## What you should do
In the records below, find the line containing "I-24 westbound closed" and the line containing "Чехол для iPhone". Give again exactly those lines and every line between them, omitting the pictures.

## Records for the task
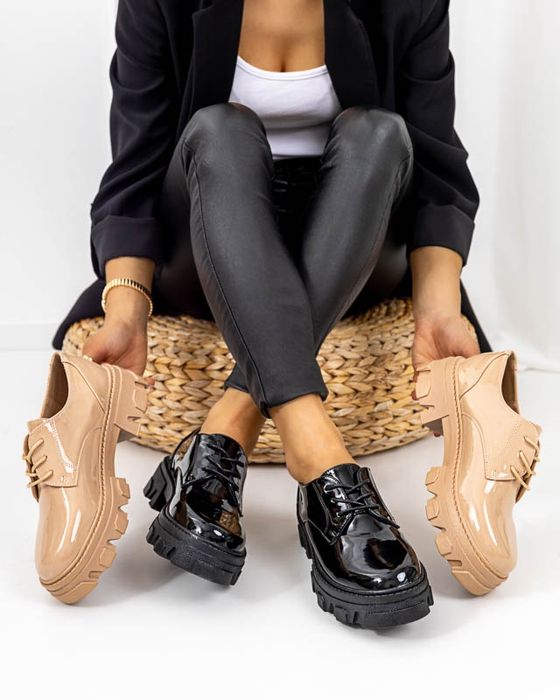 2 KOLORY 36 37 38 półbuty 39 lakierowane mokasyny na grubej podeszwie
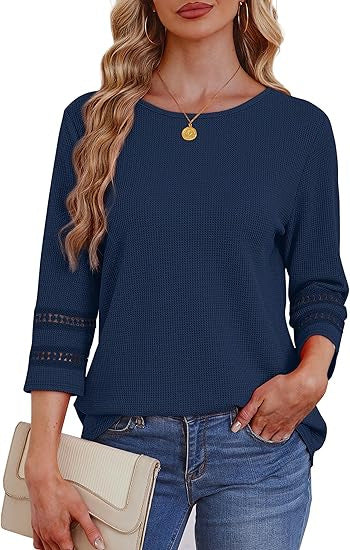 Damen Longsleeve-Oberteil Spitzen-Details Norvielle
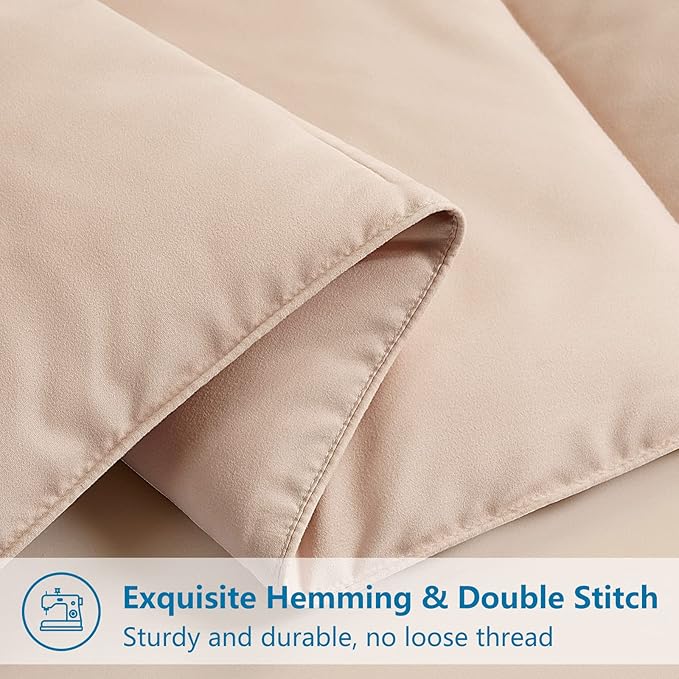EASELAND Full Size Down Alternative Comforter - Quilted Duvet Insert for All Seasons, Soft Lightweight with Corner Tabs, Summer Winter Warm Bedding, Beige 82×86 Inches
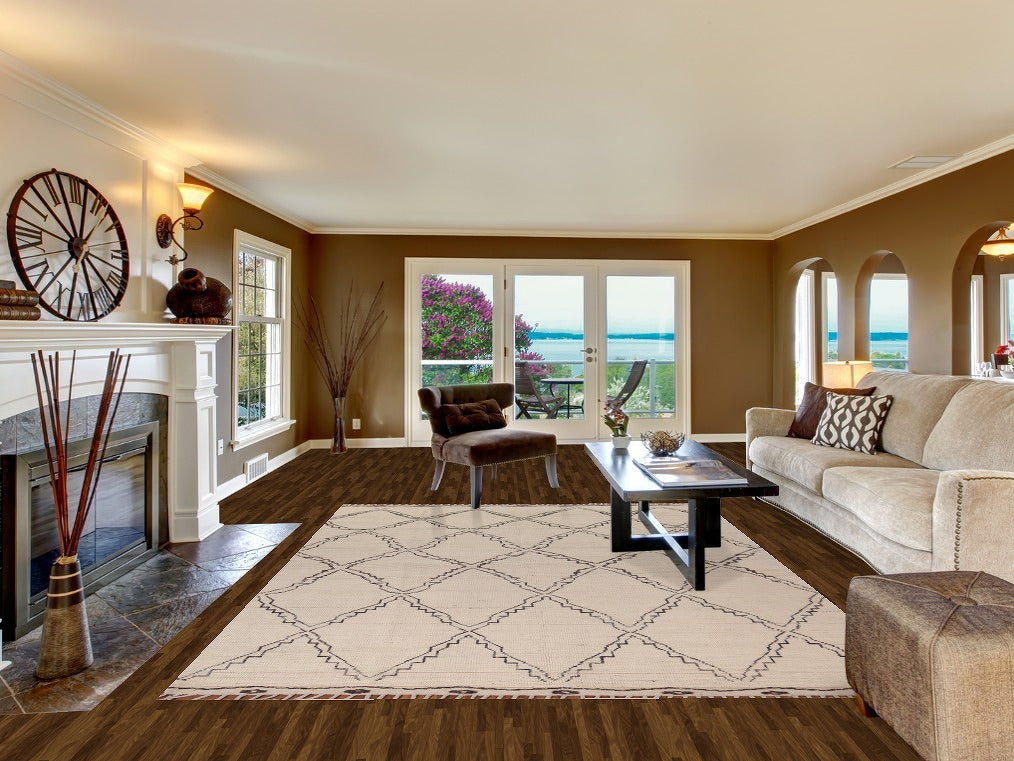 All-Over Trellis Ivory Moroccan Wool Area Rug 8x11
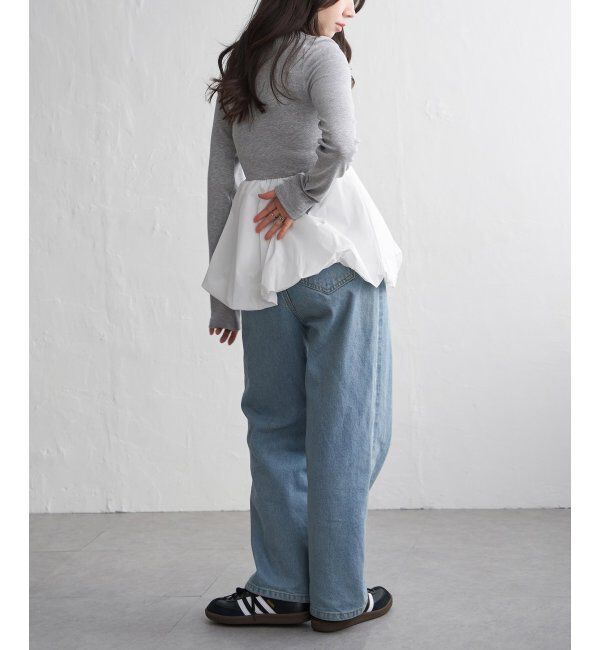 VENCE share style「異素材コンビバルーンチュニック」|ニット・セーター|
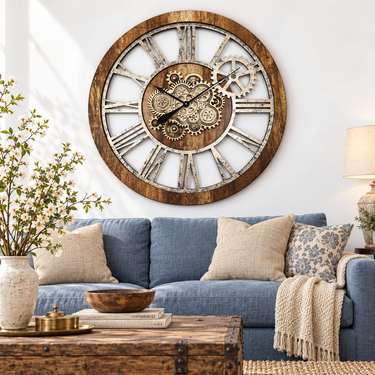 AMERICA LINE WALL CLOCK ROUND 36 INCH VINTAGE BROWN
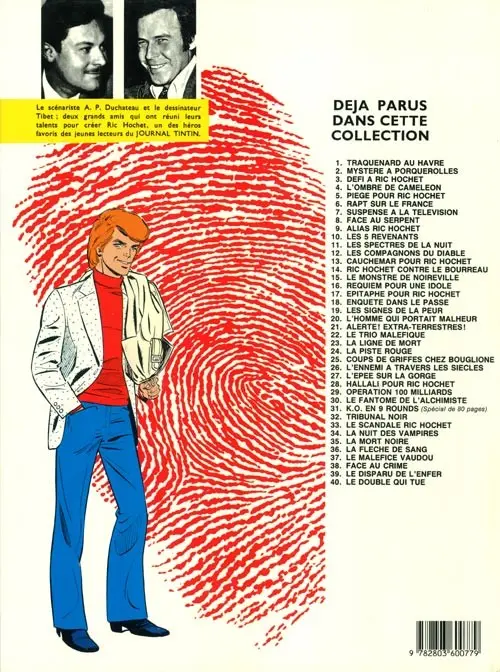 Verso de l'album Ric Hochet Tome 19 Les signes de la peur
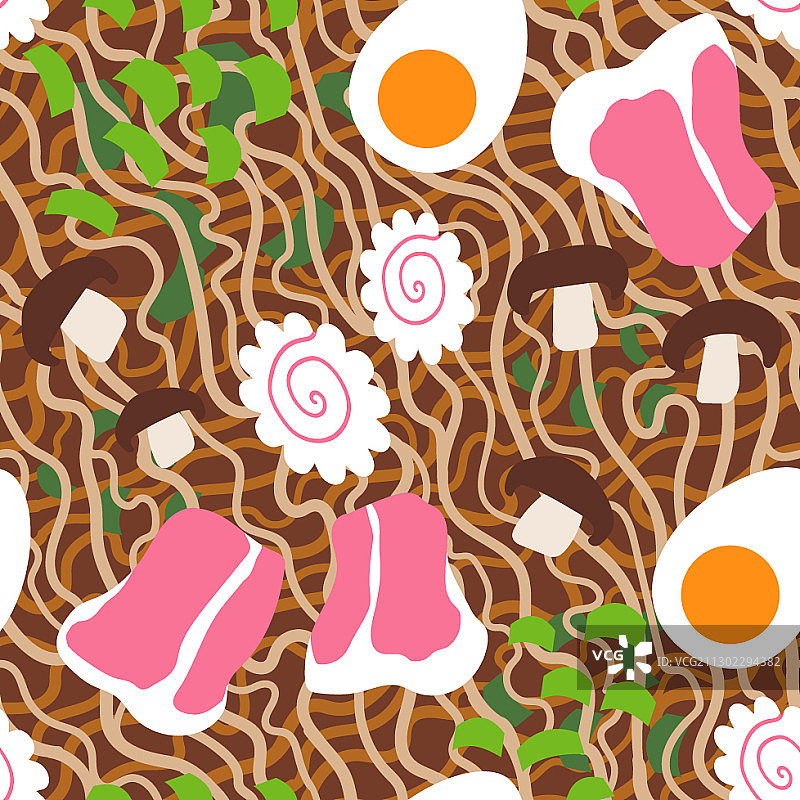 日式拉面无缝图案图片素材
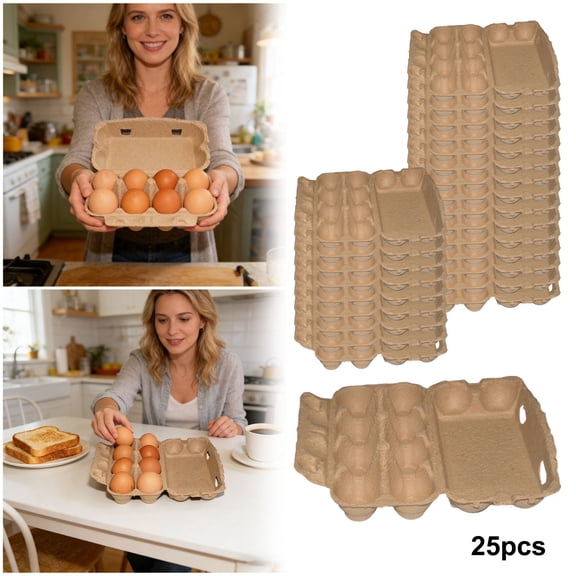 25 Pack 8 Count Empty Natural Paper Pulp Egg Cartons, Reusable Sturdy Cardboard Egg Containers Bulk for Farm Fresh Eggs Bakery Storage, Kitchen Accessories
...
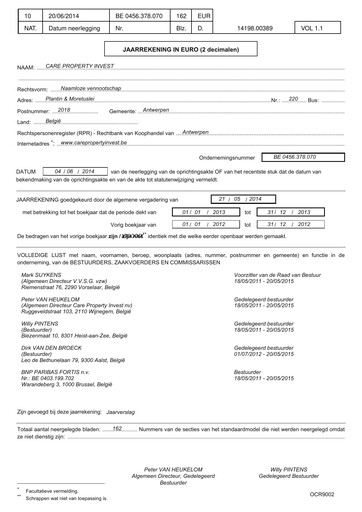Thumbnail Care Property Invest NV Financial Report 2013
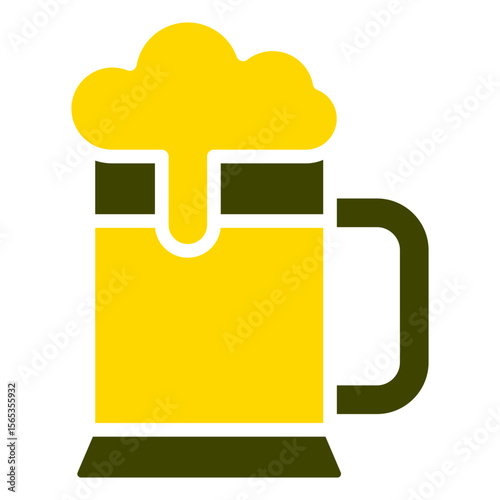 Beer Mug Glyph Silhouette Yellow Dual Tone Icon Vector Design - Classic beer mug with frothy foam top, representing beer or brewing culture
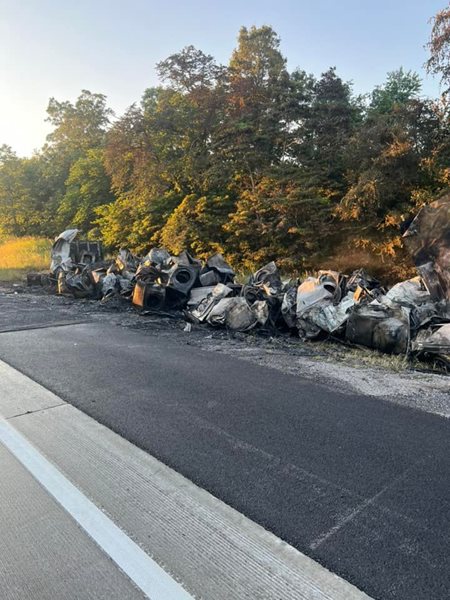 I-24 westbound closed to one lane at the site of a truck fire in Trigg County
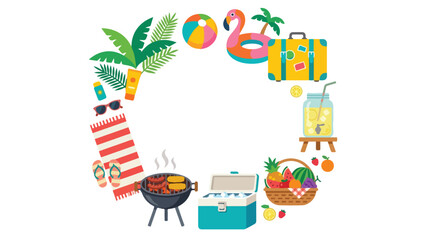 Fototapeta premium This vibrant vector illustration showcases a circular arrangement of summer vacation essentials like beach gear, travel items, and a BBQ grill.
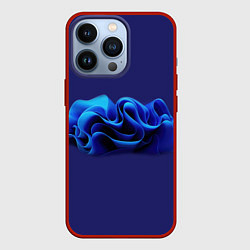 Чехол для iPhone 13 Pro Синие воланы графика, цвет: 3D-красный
* * *
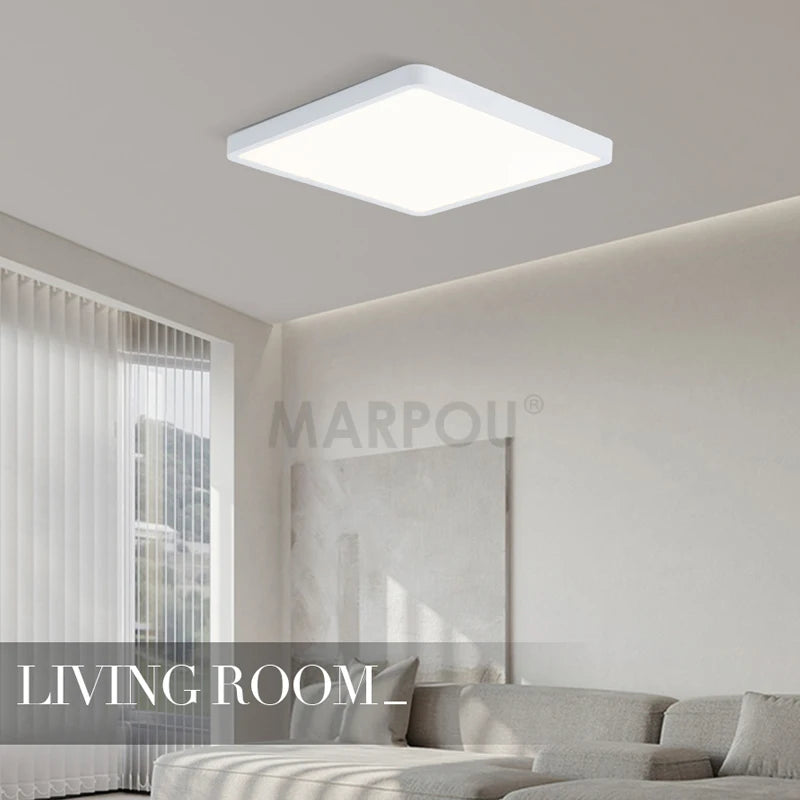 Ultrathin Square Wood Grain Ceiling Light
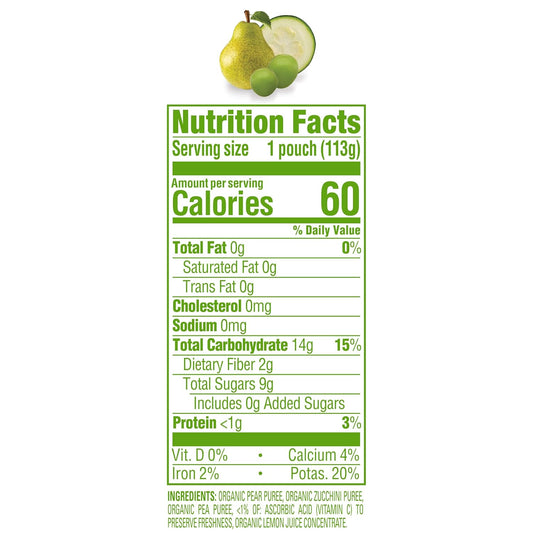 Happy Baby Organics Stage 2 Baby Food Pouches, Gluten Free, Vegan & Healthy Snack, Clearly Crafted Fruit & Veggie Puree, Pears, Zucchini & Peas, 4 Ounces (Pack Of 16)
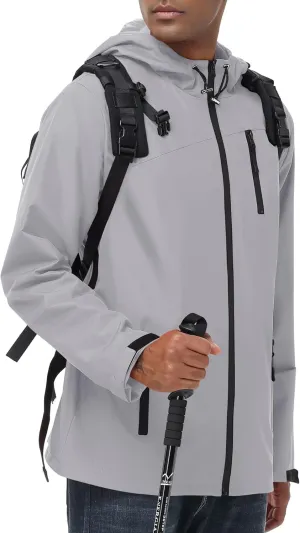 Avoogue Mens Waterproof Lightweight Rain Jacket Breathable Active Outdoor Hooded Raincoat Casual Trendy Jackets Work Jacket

## Output for this exercise
 I-24 westbound closed to one lane at the site of a truck fire in Trigg County
 Fototapeta premium This vibrant vector illustration showcases a circular arrangement of summer vacation essentials like beach gear, travel items, and a BBQ grill.
 Чехол для iPhone 13 Pro Синие воланы графика, цвет: 3D-красный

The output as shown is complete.